This morning a colleague of mine, Kitty Wolfsong, and I were having a conversation about hearing and receiving messages. I shared with her a story that I had heard Louse Hay tell about how different people can tell the same story, and you will hear it differently from each person depending on how they tell it. She shared with me her story about the bucket theory. She shared, “we each put our drops in the bucket, and who knows what will be the drop that causes the bucket to overflow (with love).” Her story reminded me a fable another colleague of mine, Jack Stephens, told in his book Soul Self: Hot to tame your mind, uncover your blueprint, and live your soul purpose. So this week, I would like to share this fable as it is all about becoming aware of how we internalize other people’s beliefs and agree to them and how the process of releasing them begins with a single step in a different direction and some courage.
At the base of a beautiful, lofty mountain peak, in a hidden little valley dwelled a bustling village. In this village, the people passed their days in an unusual pastime. Each person carried a bucket in his or her hand at all times and kept a pocket or a little purse full of pebbles. Every day, the villagers went to market, their place of work, or to visit with their neighbors. When they told an idea or a belief, right or wrong, they would take a pebble out of their purse of pocket, and drop into the bucket of the person to whom they were speaking.
The people in this village did not actually know much about the world. They kept within the boundaries of their village, and no outside visitors knew to find them. still, the villages felt sure of what the world wa like, the nature of God and the Universe, who made the best bread in the village, etc. of course, every villager had a different opinion about these things, but each one felt convinced that he or she was right. Now having a bucket full of pebbles was a sign of greatness and knowledge, so no one ever emptied his or her bucket. As the days, months, and years passed some buckets got to be extra heavy.
One day, a young girl felt inspired to leave the village, to go see what she could see from the top of the nearby mountain peak. No one had ever been there before because people were busy passing pebbles. Some had tried, but their buckets were so heavy that they would grow tired and quit, or they were afraid that their heats would give out. In time, nobody bothered trying anymore. Unlike the others, this girl decided she would make it to the top of the mountain.
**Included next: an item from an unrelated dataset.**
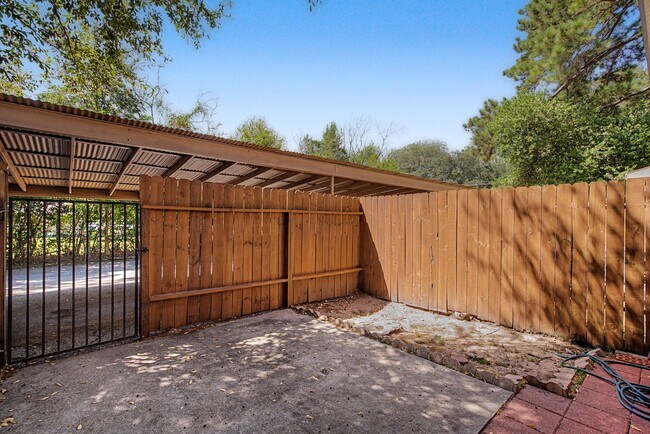 Building Photo - 413 W Semands Ave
She set out early that morning to get a fresh start. Though she was young, and her bucket was only partly full, it was still quite heavy, and she had to walk slowly. As the sun rose, her family and neighbors discovered that she had left, and they could faintly see her as a small spot moving up the side of the mountain. They filled one another’s buckets with opinions and judgments about her, and had to replenish their pockets and purses just to get through the gossip before lunchtime!
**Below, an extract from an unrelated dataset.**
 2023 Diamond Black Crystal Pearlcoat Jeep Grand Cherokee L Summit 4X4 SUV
Meanwhile, the girl had climbed into the heat of the day, her heavy bucket dragging along beside her. Under a shade tree, near a cool brook, she though, “my journey will be easier if I take some of these pebbles out of my bucket.” This proved difficult because each pebble represented an idea or belief that she had accepted. Some of them she doubted were true, but she felt soothed by them, so she kept them. She kept nearly all of them, but she did find three ideas she was willing to get go of and so she removed three pebbles.
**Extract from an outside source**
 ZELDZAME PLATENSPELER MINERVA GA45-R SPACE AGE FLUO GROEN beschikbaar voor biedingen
She continued her climb and discovered that as she gained height up the mountain she could see that some of her ideas and beliefs simply were not true! Hers was not the only valley in the world, for example. She could see two others! She discovered a flower growing that someone had told her was extinct! She did have the heart to climb – it had not quit and neither had she! With each new insight, she took out more pebbles.
The climb grew steeper and rockier, but she held firm in her determination to make it to the top. As she climbed, her bucket banged noisily against the rocks. It had been heavy in the beginning, but it was getting amazingly lighter as she went on alone. Onward she hiked into the cloud cover.
Sometime in the late afternoon, as she rested on the crest of a great boulder, she noticed something she could not remember seeing before. Her bucket was empty! Looking into the bucket, she saw the holes that the jagged rocks made when she had banged her bucket against them during the climb. Her pebbles had all spilled out!
The girl had a moment of regret. “How will I remember my ideas and beliefs now?” she cried. Through her tears, she saw the clouds parting below her. As she looked around, she realized that she was sitting on top of the mountain! She had a view of the world as it truly was. It was spectacular! Her village in the valley lay below her, and beyond it, she could see even higher mountains with valleys between. Perhaps there were even more villages.
She then knew in her that that nothing that had been put in her bucket was real. The truths she had discovered on her own – from her own effort – had always been there! She only needed to get a high enough perspective.
As her heart delighted in the pleasure of her knowing, she set down the bucket forever and began her journey home to share what she had just attained.
So starting today, may we empty our buckets of that which is not our truth and allow it to be filled with drops of love.